== THE TASK ==
Quote the records below in full, exactly as given, with the images taken out.

[SOURCE INFORMATION — start]

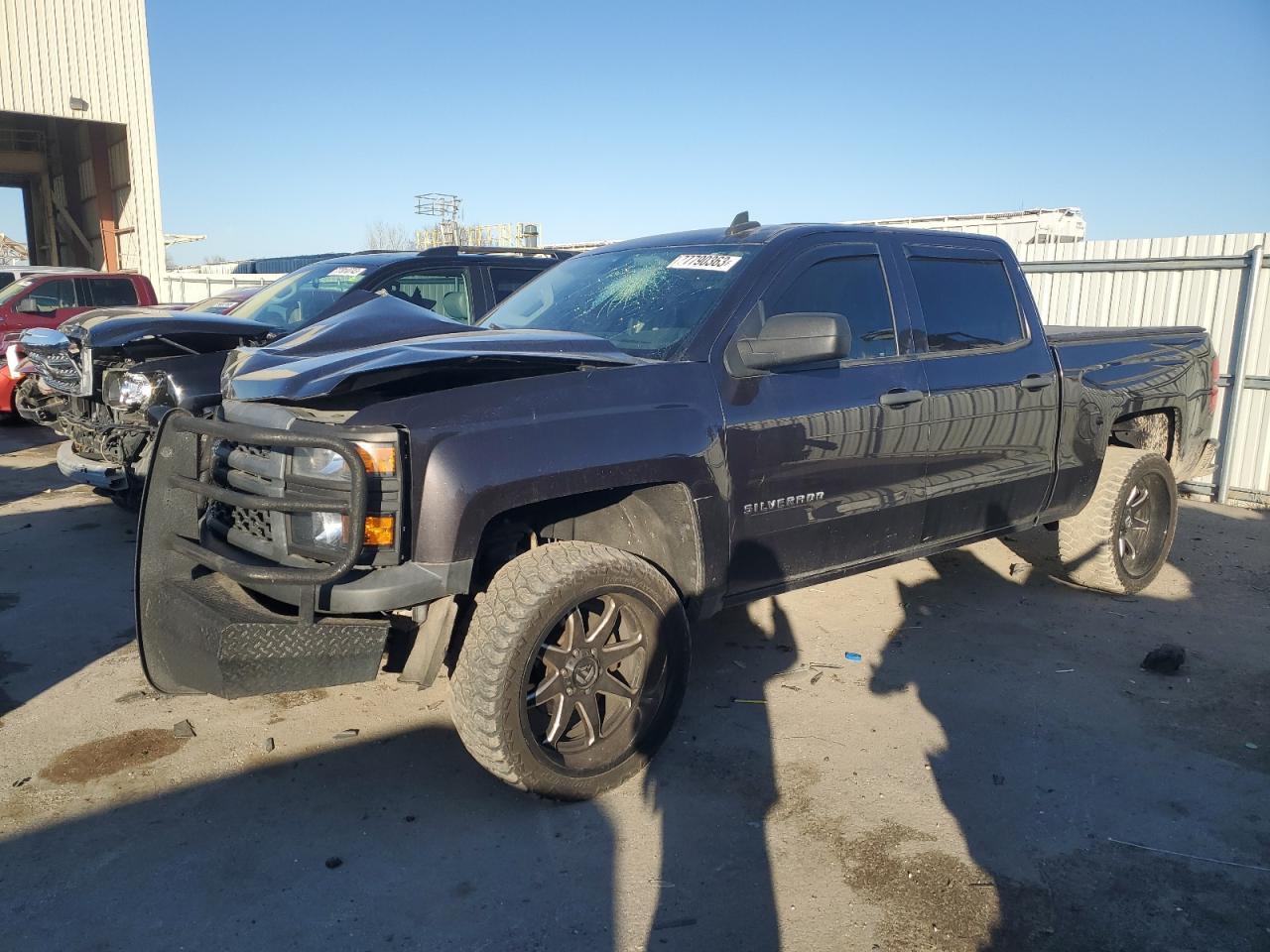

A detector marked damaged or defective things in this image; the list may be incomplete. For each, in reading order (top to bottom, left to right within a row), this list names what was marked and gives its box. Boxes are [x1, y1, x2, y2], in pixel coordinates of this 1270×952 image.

damaged hood [60, 309, 276, 349]
damaged hood [220, 296, 643, 403]
cracked windshield [476, 246, 754, 361]
damaged vehicle behind [134, 219, 1214, 801]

[SOURCE INFORMATION — finish]

== ANSWER TO THIS PROBLEM ==
A detector marked damaged or defective things in this image; the list may be incomplete. For each, in reading order (top to bottom, left to right within a row), this list names what was marked and gives its box. Boxes are [x1, y1, x2, y2], in pixel coordinates of this 1270×952 image.

damaged hood [60, 309, 276, 349]
damaged hood [220, 296, 643, 403]
cracked windshield [476, 246, 754, 361]
damaged vehicle behind [134, 219, 1214, 801]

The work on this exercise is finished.